What you will do: Any images in the material are to be dropped while every line is retyped exactly.

Data excerpt:
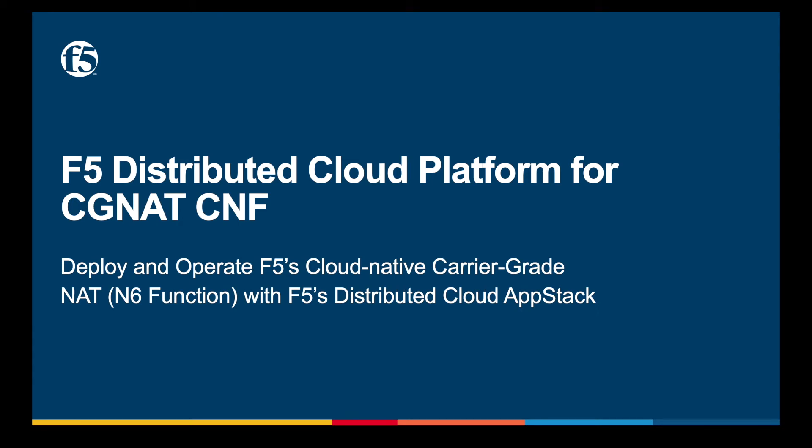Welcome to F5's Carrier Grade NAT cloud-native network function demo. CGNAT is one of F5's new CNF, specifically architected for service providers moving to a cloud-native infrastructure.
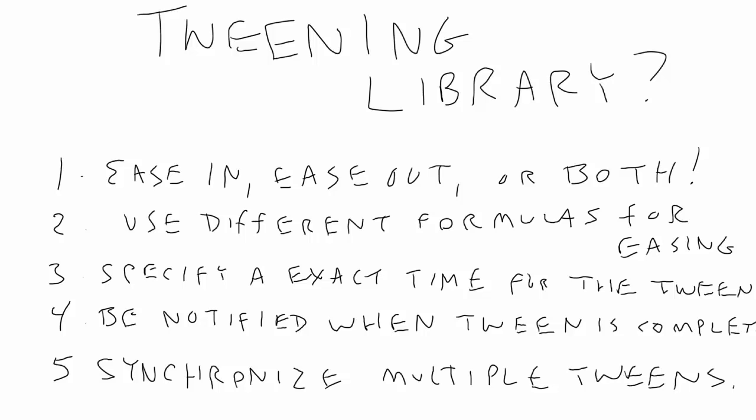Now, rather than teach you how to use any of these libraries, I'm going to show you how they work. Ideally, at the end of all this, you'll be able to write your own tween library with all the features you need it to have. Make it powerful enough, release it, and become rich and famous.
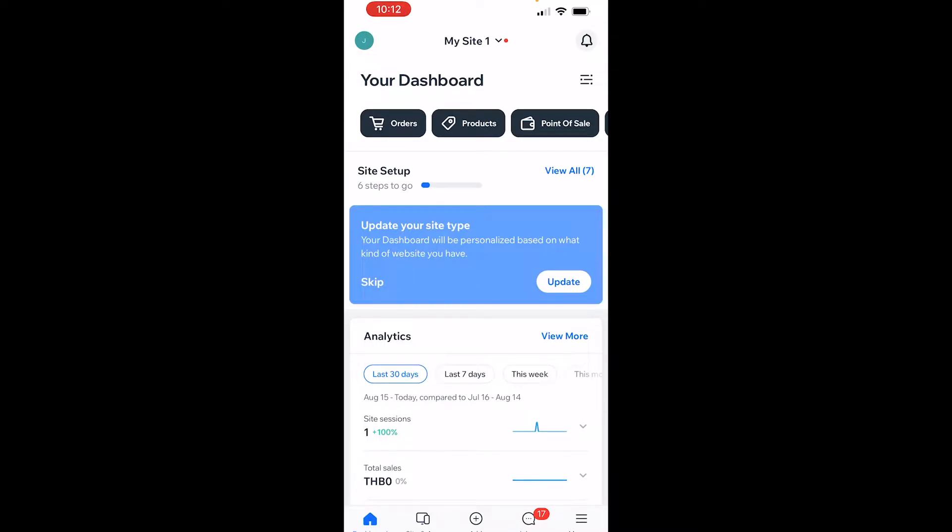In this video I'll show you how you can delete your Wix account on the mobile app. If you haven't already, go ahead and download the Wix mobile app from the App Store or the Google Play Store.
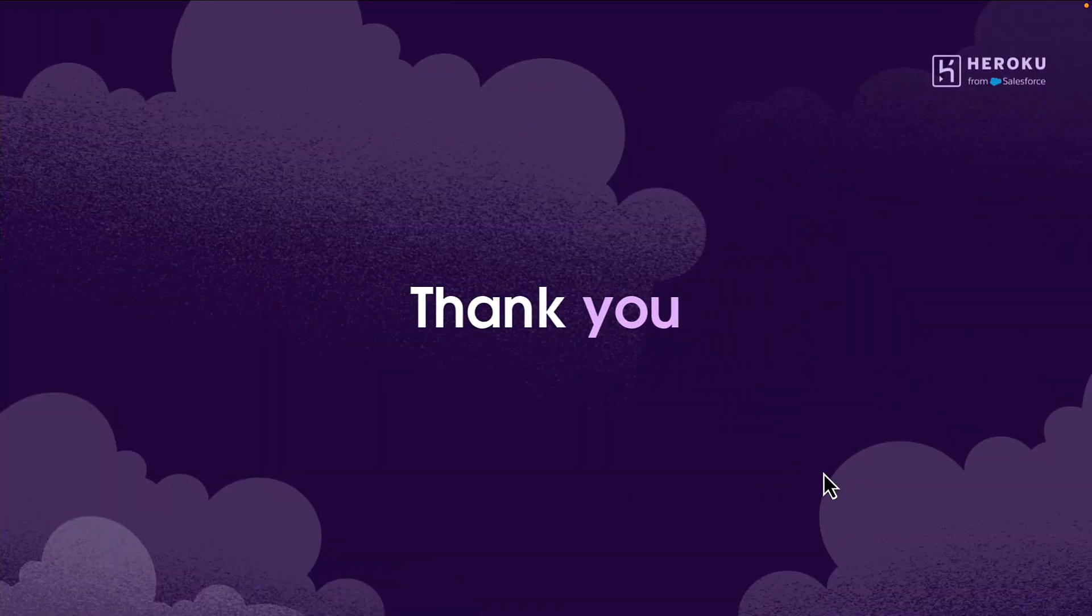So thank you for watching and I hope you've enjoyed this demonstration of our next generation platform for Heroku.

Answer box:
Welcome to F5's Carrier Grade NAT cloud-native network function demo. CGNAT is one of F5's new CNF, specifically architected for service providers moving to a cloud-native infrastructure.
Now, rather than teach you how to use any of these libraries, I'm going to show you how they work. Ideally, at the end of all this, you'll be able to write your own tween library with all the features you need it to have. Make it powerful enough, release it, and become rich and famous.
In this video I'll show you how you can delete your Wix account on the mobile app. If you haven't already, go ahead and download the Wix mobile app from the App Store or the Google Play Store.
So thank you for watching and I hope you've enjoyed this demonstration of our next generation platform for Heroku.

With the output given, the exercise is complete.